Но наступает утро, и все возвращается на круги своя. Сколько вложено сил, сколько переработанных планов, но все опять через жопу, скулящая беспомощная материшина в после очередного косяка. «Ну что я за мудак!», - разносится над водой. Сначала тебя били за рукожопость, теперь ты со всей ответственностью принял эстафету… Да, черти в голове –  это главная здешняя проблема. Пока не дотянешь до вечернего стакана, можно дойти до края. Правильно говорили мастера: не пытайся убежать от социума, пока не успокоишь ум. Окружение глушит твоих чертей, и у тебя есть шанс доползти до могилы вполне вменяемым человеком, но когда наступает тишина, вот тут-то они и берутся за тебя всерьез. Врагу не пожелаешь такого всеобъемлющего самоедства.

И вот четвертый год ссанья против ветра. Вечная стройка: никуда еще не выходил, но уже покоцал стены, палуба гниет, поплавки давно ушли за ватерлинию… холод, грязь, ветер. Печку искал пол года, год стояла, поставил - не работает..  Теперь еще и крысы. Не хочу их убивать. Может, кормить? Что я делаю на этих болотах? Почему я не с детьми? Почему я опять отпускаю последнюю спасительную веревку, что кидает мне судьба? Ни верха, ни низа, ничего родного и близкого. И что может быть родным, когда эта тьма изнутри уже не может осветить внешние объекты, чтобы они стали тебе близки?

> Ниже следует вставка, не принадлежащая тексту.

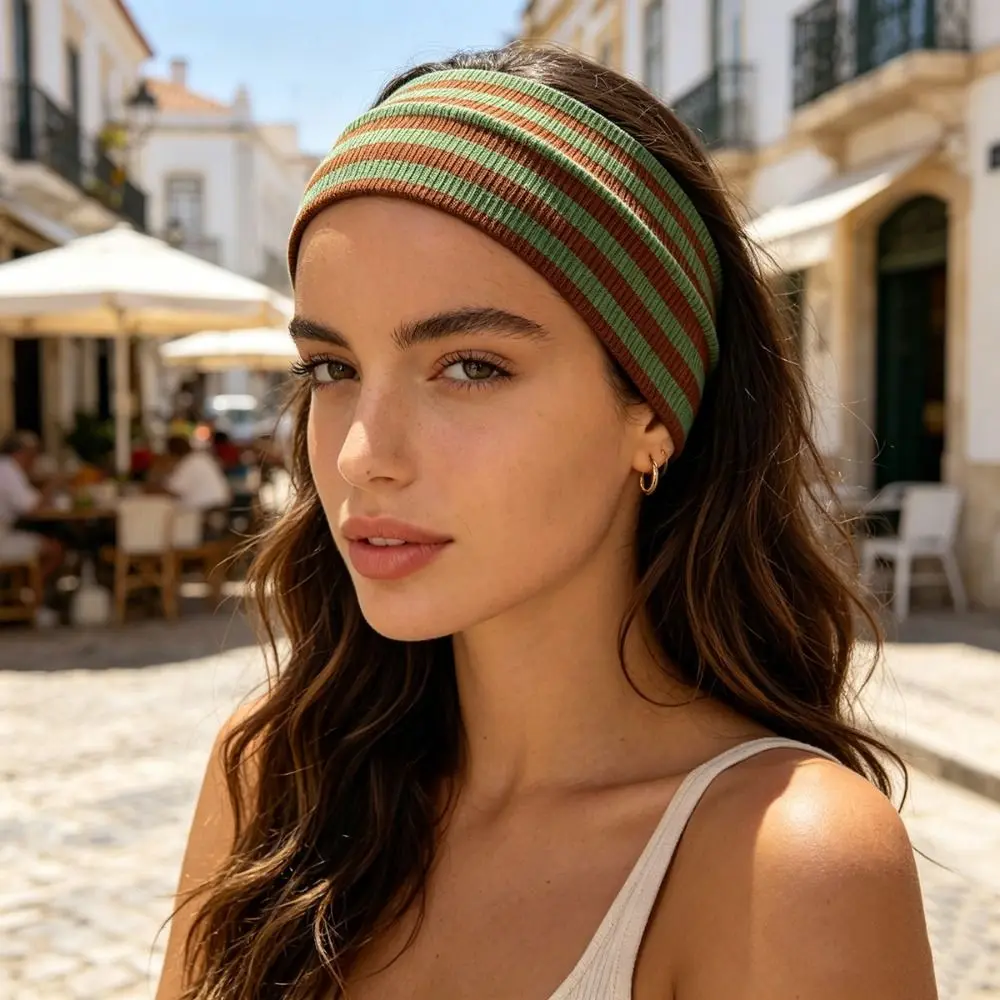 Fashion Striped Elastic Hair Band Sweat-absorbing Soft Wide Hairband Hair Accessories Non-slip Sports Headband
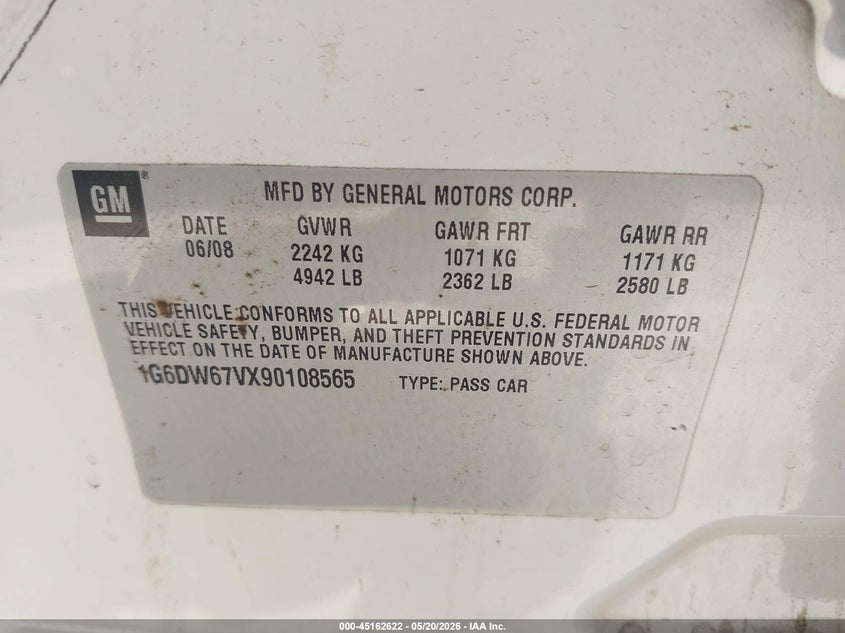 2009 Cadillac Sts V6 VIN: 1G6DW67VX90108565 Lot: 45162622
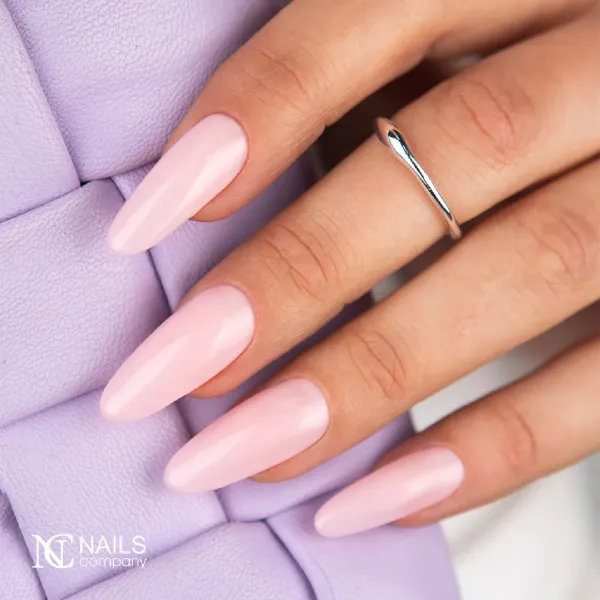 Long Almond Pale Pink Shimmer Long Almond Pale Pink Shimmer β Winter Pink Nails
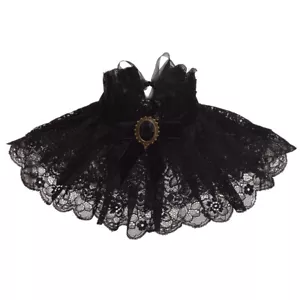 Victorian Collar Lady Black Neck Collar Gothic Punk Edwardian Lady Neck Ruff - Picture 1 of 7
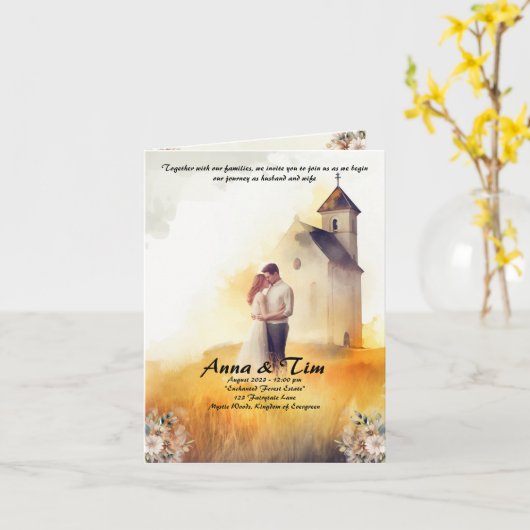 結婚式招待状とスタイルと優雅 カード (黄色い花)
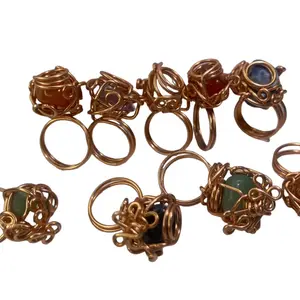 5 mixed Custom Crystal copper Rings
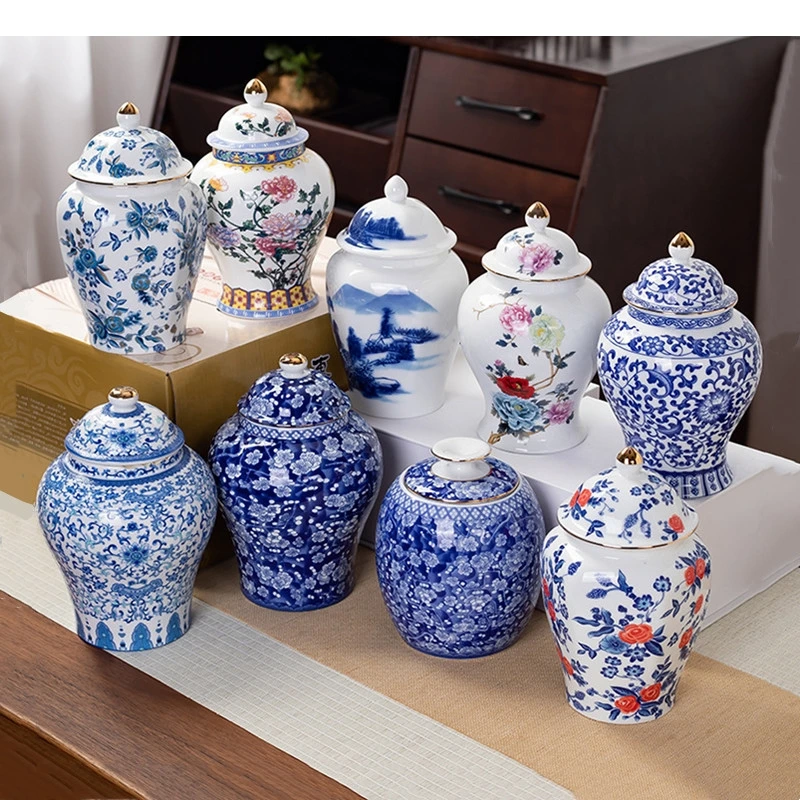 Blue and White Porcelain Ceramic Tea Pot General Can Moisture-proof Sealed Storage Container Box Organizer Canister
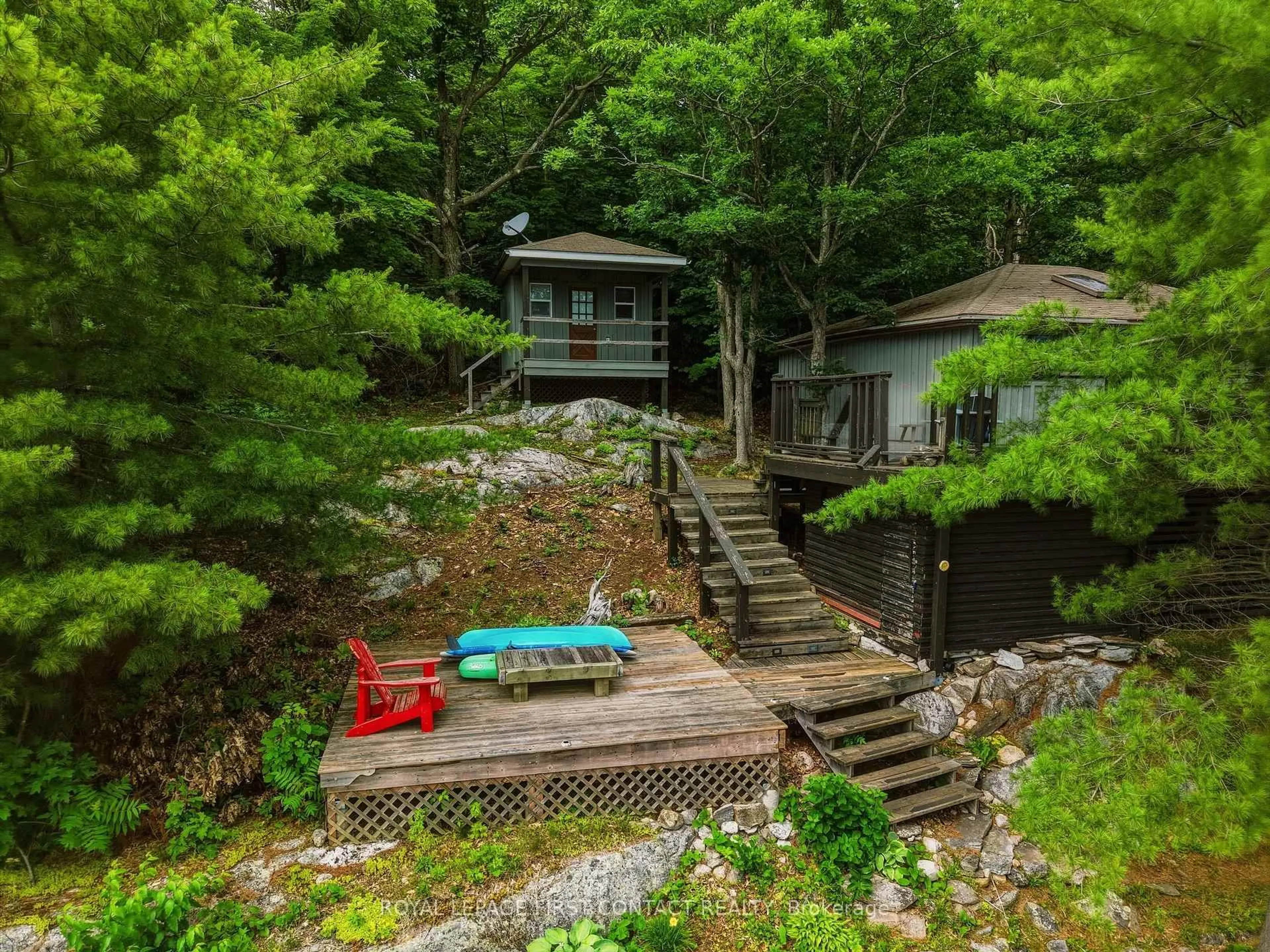A pic from outside/outdoor area/front of a property/back of a property/a pic from drone, water/lake/river/ocean view for 321 Healey Lake W/A, The Archipelago Ontario P0G 1G0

Ты бродишь опять по тем местам, где тебя били, травили, и всё равно, останавливаясь возле своих окон, заливая в себя новый глоток водки, ты все равно видишь этот все более далекий отблеск отраженного света, который из тебя когда-то вопреки всему сюда проливался. Первая любовь, так мучительно сладко растворяемая кислотой беспомощности. Только любовь – это не действие, и не состояние кого-то, а тот абсолютный контекст, в котором что-либо существует, в том числе и это существо, что стоит там под окнами и глушит водку из горла. И только зловонная куча идентичностей не даст это увидеть сквозь непроходимый бэдттрип. Увидеть, что ничего не менялось ни с тех пор, и ни с этих, что и не было никакой внутренней лампы и социума с говном имплантов-идентичностей, ее залепляющего, а была и есть лишь безграничная любовь, не знающая ничего, но позволяющая миру быть, ибо это становится предельно ясно с каждым  новым глотком… Но что-то все продолжает искать какой-то свет, о котором когда-то и не задумывалось. И в своем смертном бреду иногда произносит: «Я люблю».